__Exercise aim__:
Exactly retype the lines below from the one containing "Time Charts" through the end of the listing. Leave pictures out.

__Data for processing__:
★ ★ ★ ★ ★ ★ ★

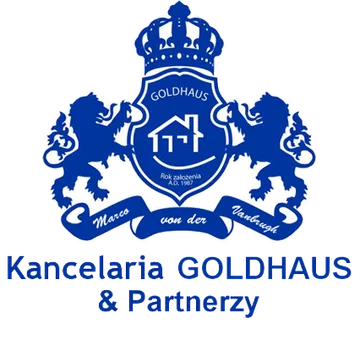 Goldhaus & Partners Marco von der Vanbrugh
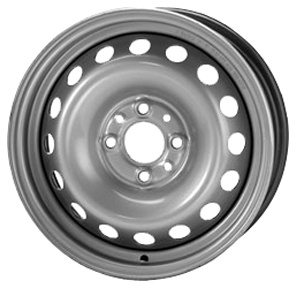 Scheda Variante Ruota &rsaquo; Marca: KFZ &rsaquo; Modello: 9437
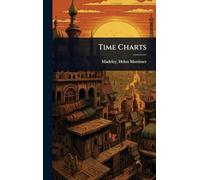 Time Charts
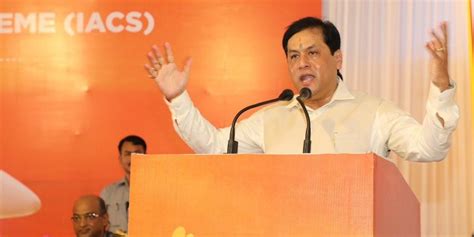 SpiceJet Starts Daily Direct Flight Between Guwahati and Dhaka - The Wire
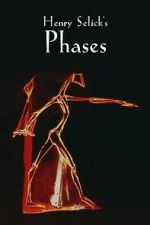 Watch Phases 123movies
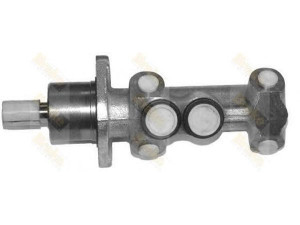 Brake ENGINEERING MC1709BE pagrindinis cilindras, stabdžiai 
 Stabdžių sistema -> Pagrindinis stabdžių cilindras
0000009950677, 9945760, 0000009950677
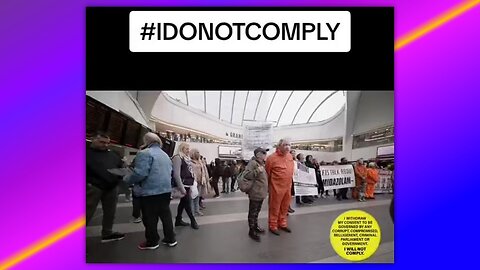 🚨THE UNITED STATES IS NOT SHOWING YOU WHAT’S HAPPENING AROUND THE WORLD🚨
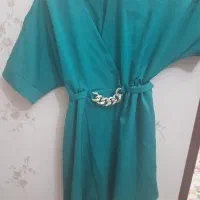 تونیک مجلسی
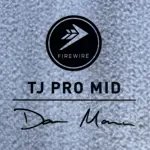 tj-pro-mid-07.jpg.webp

★ ★ ★ ★ ★ ★ ★

__Written answer__:
 Time Charts
 SpiceJet Starts Daily Direct Flight Between Guwahati and Dhaka - The Wire
 Watch Phases 123movies
 Brake ENGINEERING MC1709BE pagrindinis cilindras, stabdžiai 
 Stabdžių sistema -> Pagrindinis stabdžių cilindras
0000009950677, 9945760, 0000009950677
 🚨THE UNITED STATES IS NOT SHOWING YOU WHAT’S HAPPENING AROUND THE WORLD🚨
 تونیک مجلسی
 tj-pro-mid-07.jpg.webp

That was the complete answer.